So safety on the water is super important and you would be hard pressed to decide what piece of your gear was the most important … PFD (lifejacket), Helmet, Shoes…. and I won’t argue, all are important. However, if you are going to have an IMPORTANT part of gear why not get the most out of it! PFD’s come in different classes, I won’t go into all the classifications (here is a link if you are curious), for whitewater there are basically two classes to consider, Type 3 and Type 5. Type 3 is your basic PFD for aerated water. The Type 5 is also for aerated water but generally is either a higher float jacket, requires further instruction because it slips on over the head with no buckles, or it is a RESCUE PFD.
So if you have made it this far you are probably wondering what the big deal is on rescue PFDs… and probably thinking that IF you don’t feel confident being the rescuer that they are not for you… BUT
Rescue PFD’s are inherently superior Jackets than your standard Type 3 PFD and here is why.

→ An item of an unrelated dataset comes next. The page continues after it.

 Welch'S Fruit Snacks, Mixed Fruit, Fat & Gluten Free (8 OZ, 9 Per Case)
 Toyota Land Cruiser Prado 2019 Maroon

- Structurally they are built stronger than other jackets. The shoulder straps are not just bar tacked onto the top of the front of the jacket like in standard type 3 jackets (see photo) The shoulder straps are reinforced with webbing over the shoulders and down the back and front of the jacket often times in a “V” pattern. This is a safety feature that you should consider when buying a jacket because it adds strength to the valuable shoulder strap. Rescues often involve pulling on your lifejacket whether it is into a Raft or out of a Pin so extra reinforcement is great.
- Rescue Jackets have Quick Release Rescue Belts! This is a belt that is attached on one side of your jacket, either by stitching or threaded through itself. The belt then runs the girth of the jacket through loops, the loose end slides through a Quick release buckle on the front of the jacket with a ball pull to activate the release mechanism of the buckle. A ring or locking carabiner can be added to the back of the jacket through the belt and can be used as an attachment point for a tow tether or rope. The belt offers a quick release for this ring or carabiner, in that if the belt mechanism is released, the ring or carabiner will slide off the loose end of the belt. This allows a rescuer or rescuee to be connected to a rope on their belt and be able to release from it if need be. Below are some examples of how it works NOTE training is a MUST for rescue jackets as the release mechanism is not fail-safe so some technique is needed to deal with release issues.

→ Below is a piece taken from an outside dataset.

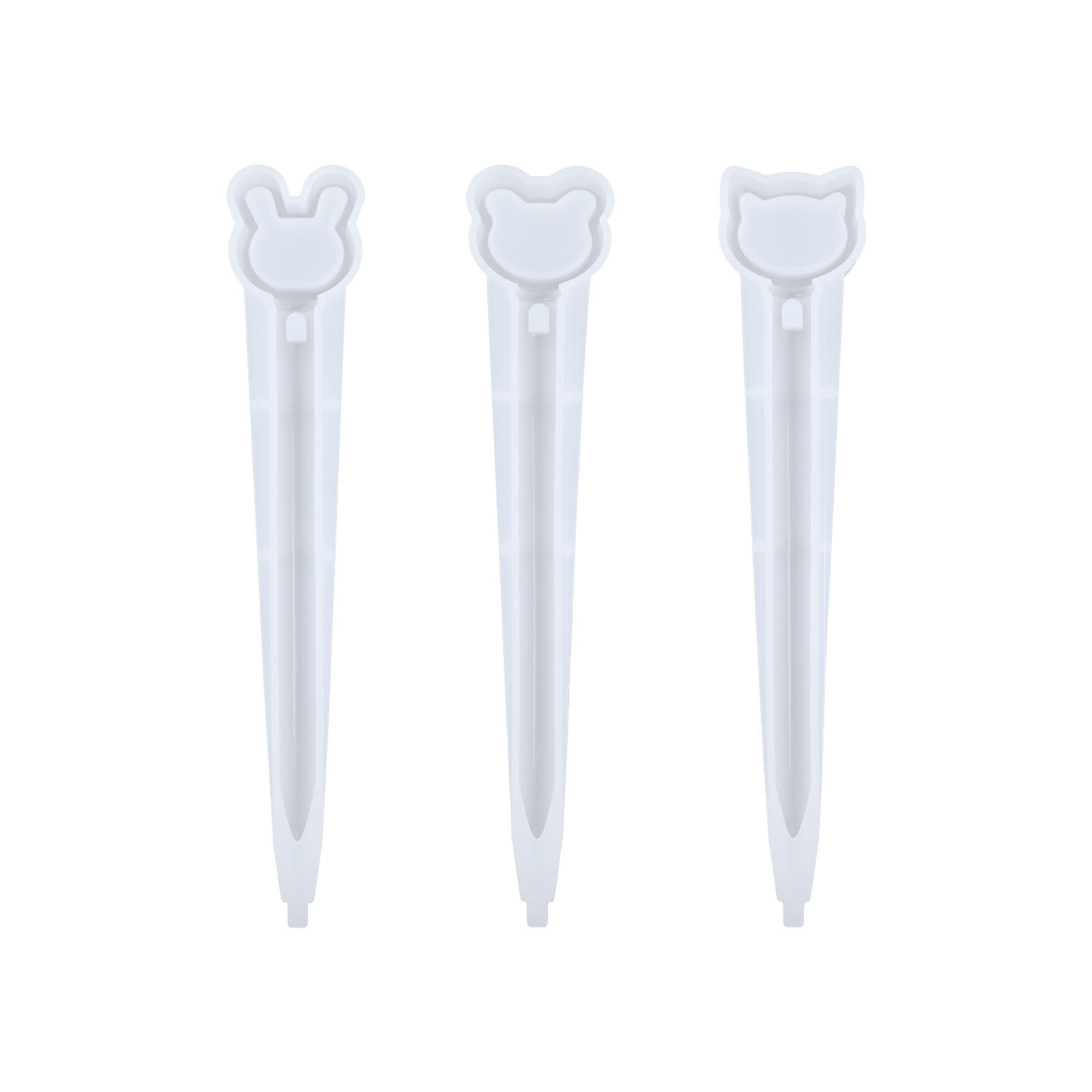 Conjunto de oso blanco, conejo y gato.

Here are some of the many ways the rescue belt can be used.
- The belt on the rescue jacket can be used to send a rescue swimmer out to retrieve a person or piece of gear from another part of the river and keep them on tow in order to keep them from washing downstream. In extreme situations, a rescuer can jump right into a rapid to grab a person or gear and be reeled back to safety Also known as “live bait”
- The belt can offer a quick release attachment point for a rope to be ferried across a river by a kayaker.
- The belt used in conjunction with a tow tether can be used to tow gear or a person behind a whitewater kayak for short calmer distances. Generally, when towing people it is in a
- The belt, when used in conjunction with a tow tether, can give an entrapped person an option to expedite rescues where a rope is placed across the river to help support them. Often this is done with folks with body or foot entrapments or in kayak pins. If the entrapped person is able to clip into this rope on their own they not only create a bit of a safety net for themselves, in that if they are released from the entrapment they won’t float away… but also it gives the rescue team a point of attachment to haul on often expediting the rescue.